In WWW , an index is a document like any other. An index may be built to cover a certain domain of information. For example, at CERN there is a CERN computer center document index . There is a separate functional telephone book index . Indexes may be built by the original information provider, or by a third party as a value-added service.

Indexes may point to other indexes. An index search on one index may turn up another index in the result hit list. In this case, the following algorithm seems appropriate.

Index context

Most index searches nowadays, though some look like intelligent semantically aware searches, are basically associative keyword searches. That is, a document matches a search if there is a large correlation (with or without boolean operations) between the set of words it or its abstract contains and the set of words specified in the search. Let us consider extending these searches to linked indexes.

Each index has a certain context. This may be represented by a set of keywords which may be considered to apply implicitly to everything indexed. For example, in the CERN computer center documentation index, one may imagine that everything in it will be considered as pertaining to the CERN computer center. We might represent the context by the keyword list "CERN computer center documentation physics support".

Context narrowing

Suppose we search a general physics index with the keywords "CERN NEWSLETTER". That index may contain an entry with keyword "CERN" pointing to the CERN index. Therefore, a search on the first index will turn up the CERN index. We should then search the CERN index, but looking only for the keyword "NEWSLETTER". The keyword "CERN" is discarded, as it is assumed by the new context. In this simple model, we can assume that the contextwords could be used directly as the keywords for the index itself.

A simple algorithm, then, would be for the server to discard from a search list any keywords matching the index's context -- but is this really what we want to do? Perhaps those keywords have a more refined meaning within the context. For example, if I am looking for documents about document storage schemes at CERN, I might search the index with the keyword "documents". I don't want this to be discarded because it is in the context: I am looking for documents about documents. It is understood that we are already within the context of computer center documentation, so to ask about documentation in this context implies more than that I am looking for a document.

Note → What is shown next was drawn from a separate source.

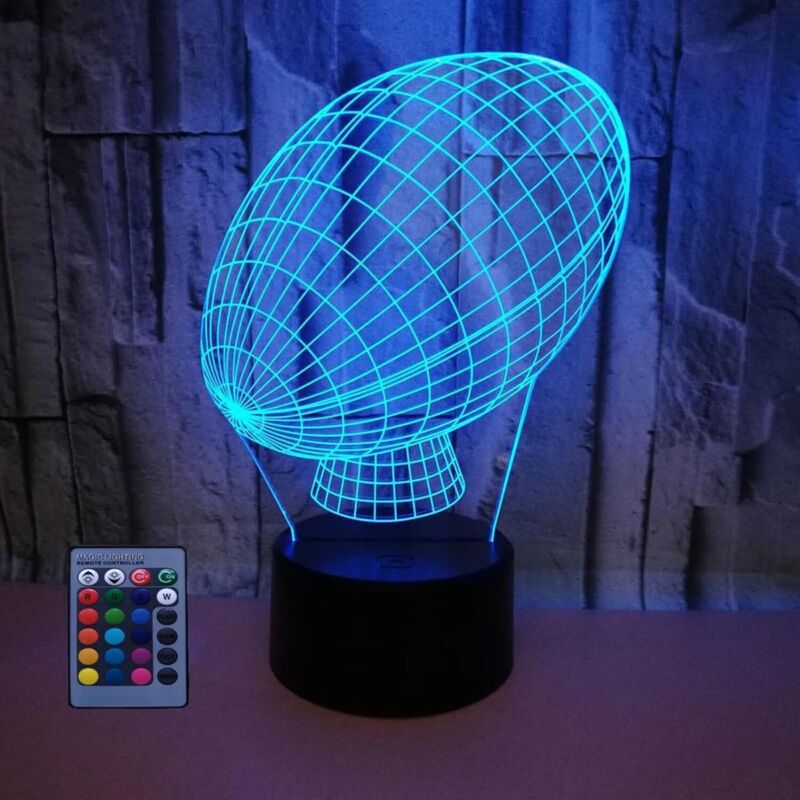 3D Rugby LED Lampe Art Déco Lampe Lumières LED Décoration Lampes Contrôle à distance 7/16 Couleurs Change Veilleuse USB Powered Enfants Cadeau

A more refined approach would therefore be to strip from the search those keywords which were used in order to find the index. The keyword list for the entry of one index within anotherthen reflects the change in context.

Context Broadening

We have discussed here only a narrowing of context, not a broadening. One can imagine also a reference to a broader context index. In this case, perhaps one should add to the search some keywords which come from the original context but were not expressed. This would be dangerous, and people would not like it as they often feel that they are expressing their request in absolute terms even when they are not. Also, they may have been trying to escape from too restricing a context.

One should also consider a search which traces hypertext links as well as using indexes.